I found the play we read for class today ("Footfalls") incredibly silencing and frustrating because I couldn't understand what was happening and what I could take from it. When I read the play last night, I got angrier and angrier because I felt like I was being shut out. I hoped the experience of watching the play might be more enlightening, but was disappointed to realize I felt just as confused about the play at the end of it. I felt dumb for having to ask, especially because the attitude I got from Mark was that the theme was obvious – and for me, that definitely wasn't the case. I also didn't find his explanation of the actual happenings of the play helpful because I wanted to know what that meant.
I wanted this experience to be a learning experience for me. Listening to Mark and Katherine's explanations of their process and their thoughts on silence, I was really hopeful for a breakthrough in the play – instead, I struggled to connect their thoughts on silence back to what I was viewing in the play. I still don't know what the theme of the play even is.
Maybe it's unfair for me to have asked for Mark's interpretation in the first place. It could be like when couldntthinkofanoriginalname asked Erin for a translation of her poem and was frustrated to be denied that access. On the other hand, I now feel as though I've missed out on something really important. Regardless of whether or not we return to this play in the next class, I feel like I've completely missed a learning opportunity and that makes me feel like I've wasted time. Anne said the play made her shudder, and I agree that I found it unsettling, but I find I'm too distracted by my utter lack of understanding to take this feeling any further.
Comments
I don't know if this will be
I don't know if this will be helpful...
But, I read it as being about the ghosts that haunt our silences. When we don't speak, which moments replay in our minds? Which conversations are we entering into again post-event, which histories are we diving into? Whose voices are we hearing that keep our mind from being quiet?

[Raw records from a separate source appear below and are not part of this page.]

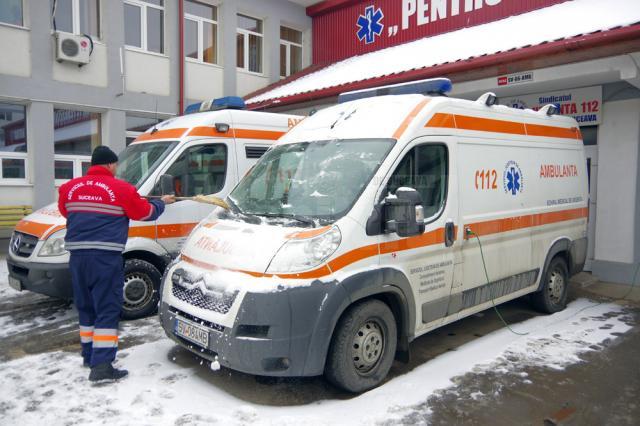 Parcul de ambulanţe Suceava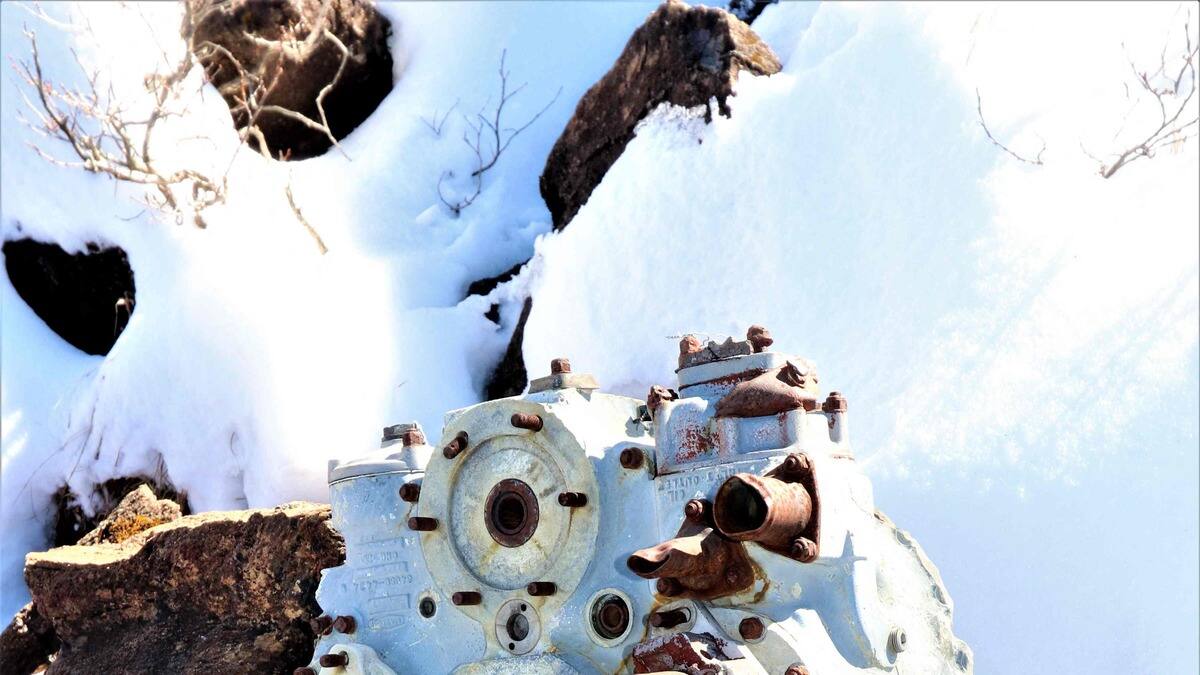 L'épave d'un avion de la Seconde Guerre mondiale retrouvé en Inde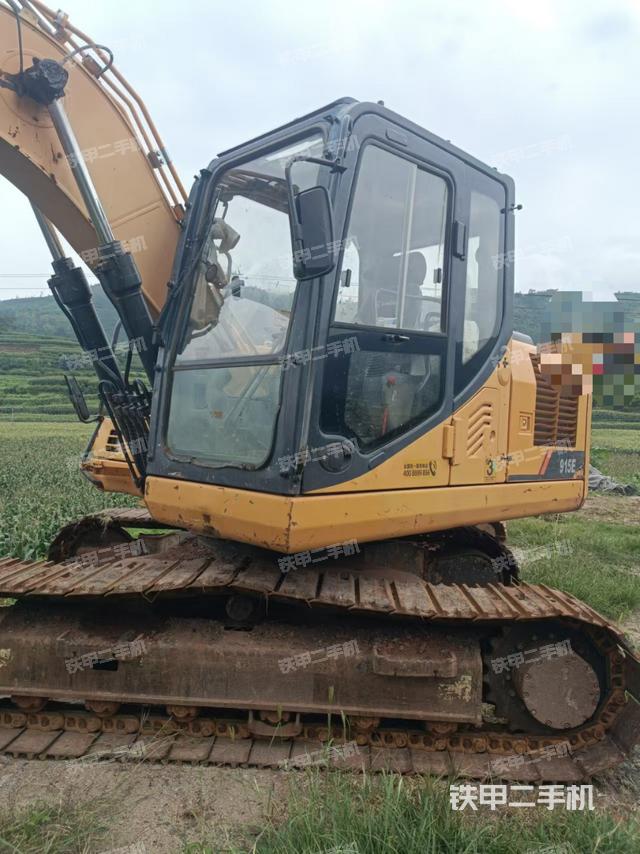 柳工CLG913E挖掘机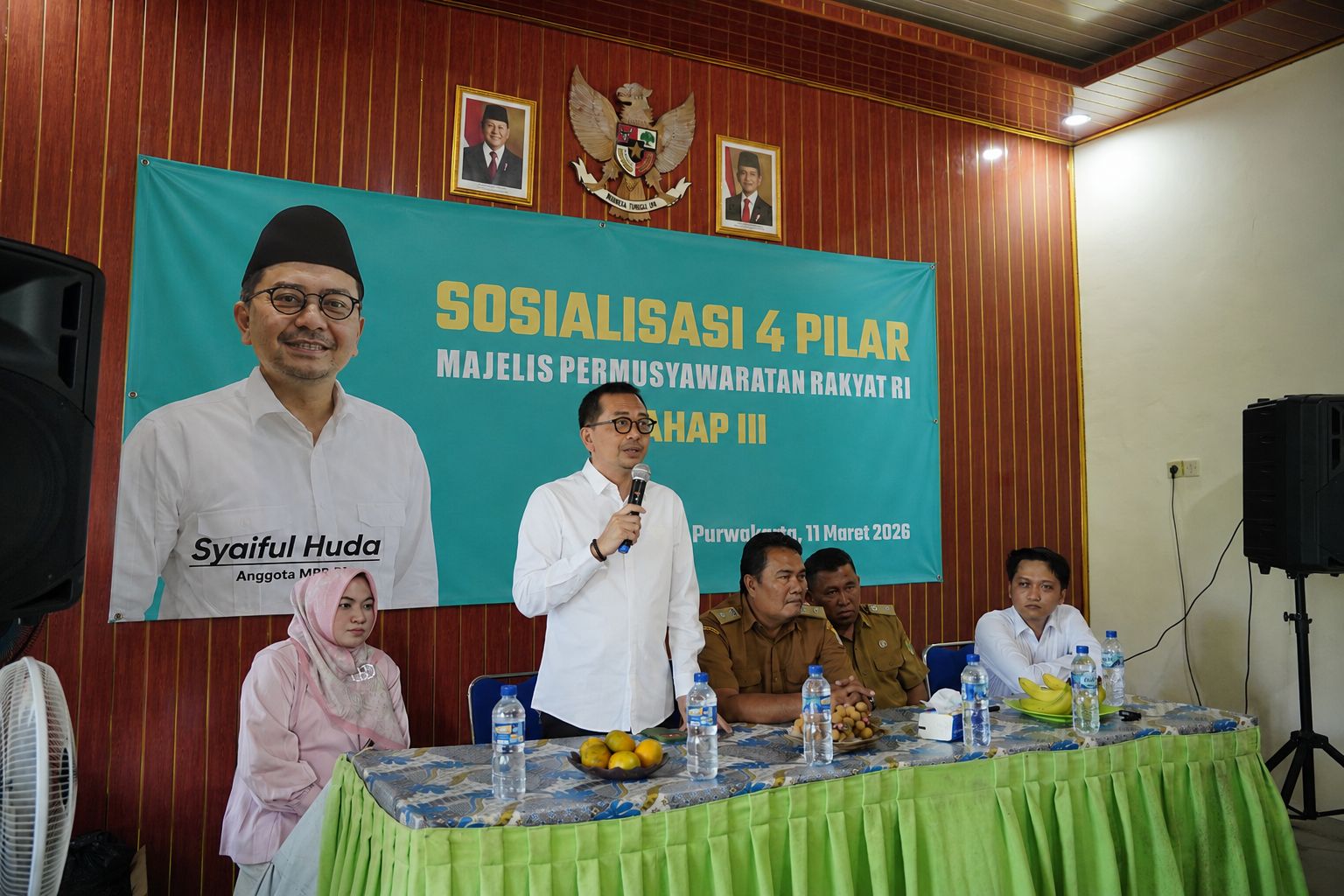 Syaiful Huda: Persatuan Bangsa Jadi Kunci Hadapi Tantangan Global
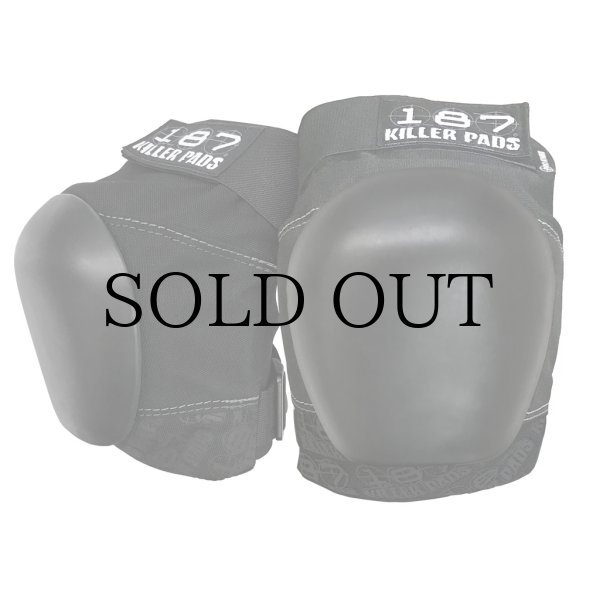 画像1: 187 KILLER PADS " PRO KNEE PAD " - BLACK (1)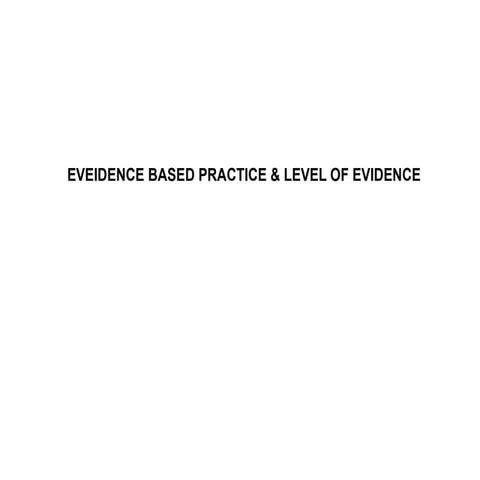 Chapter 3 Introduction to types of evidences.pptx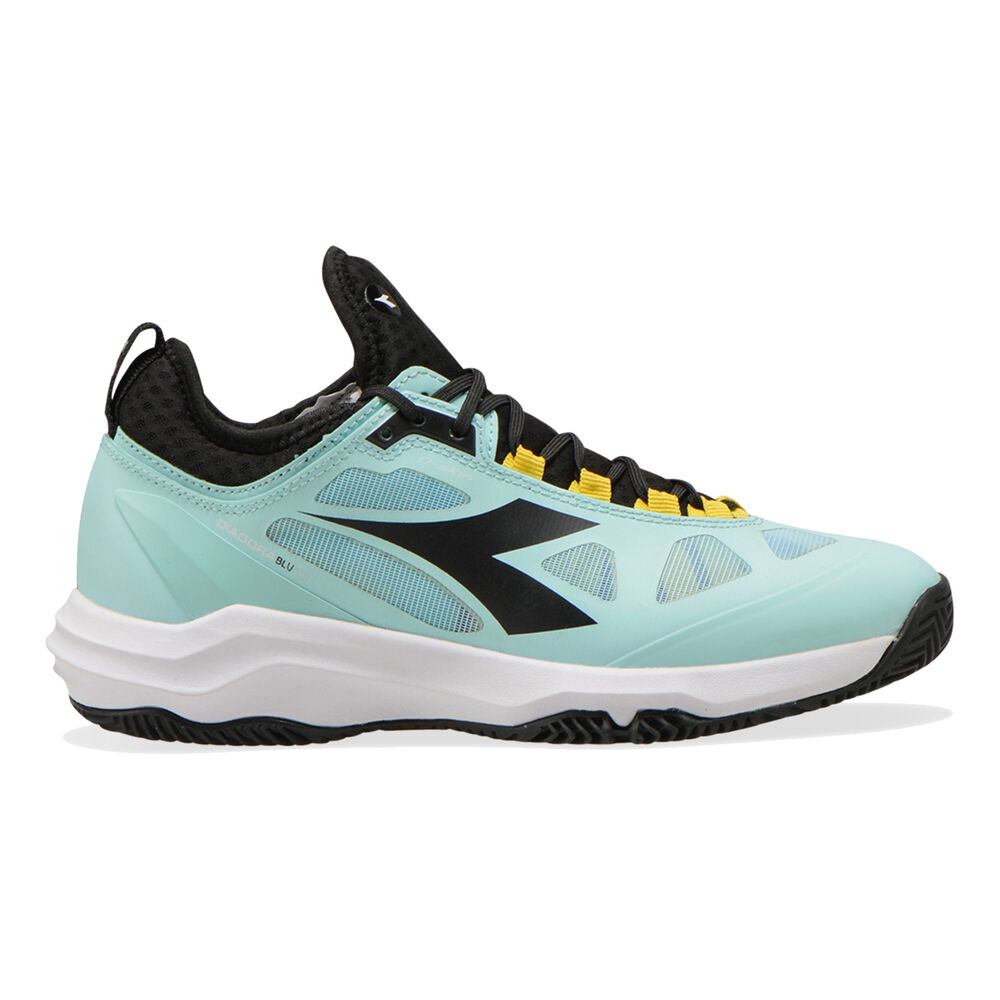 Diadora Speed Blushield 3 CLAY Chaussure Terre Battue Femmes - Bleu Clair , Noir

Also, in death, can we achieve silence? In physically removing ourselves from others, we may think we are silent, but will others still hear us in their heads? Isn't that a weird thought? That our voices could be playing in other people's heads right now?
The actual plot of the play is of a woman, May, who seems to be experiencing a kind of post traumatic stress from the relationship with her mother -- who died a long time ago. But her solitude and her silence are filled with her mother's presence.
It reminds me of this quote by David Foster Wallace that goes: "ghosts are always talking to us, but we think their voices are our thoughts."
Thank you!
Thank you so much – this was really helpful! I kind of wish we'd gotten some of this analysis before/during the class so that seeing the play performed could have been a more productive experience for me. I think if I'd had this, I would have been able to engage in a more worthwile dialogue about the play... This definitely helps ease the feeling of lost understanding though – thank you, again!
AGREE AGREE AGREE! I was so
AGREE AGREE AGREE! I was so frustrated! If you didn't speak I was about to raise my hand and just be like "I didn't understand any of it". I don't know what happened and I think he said in his response something about interpretation...but don't you need to have some very basic level of understanding to interpret? I didn't get what was happening, if the mother was dead or alive, what the pacing/moving candle represented, who the characters were, what the random stories/anecdotes were about. I felt extremely shut out, and I don't know if we'll get a chance to talk about in class because we have another guest Thursday.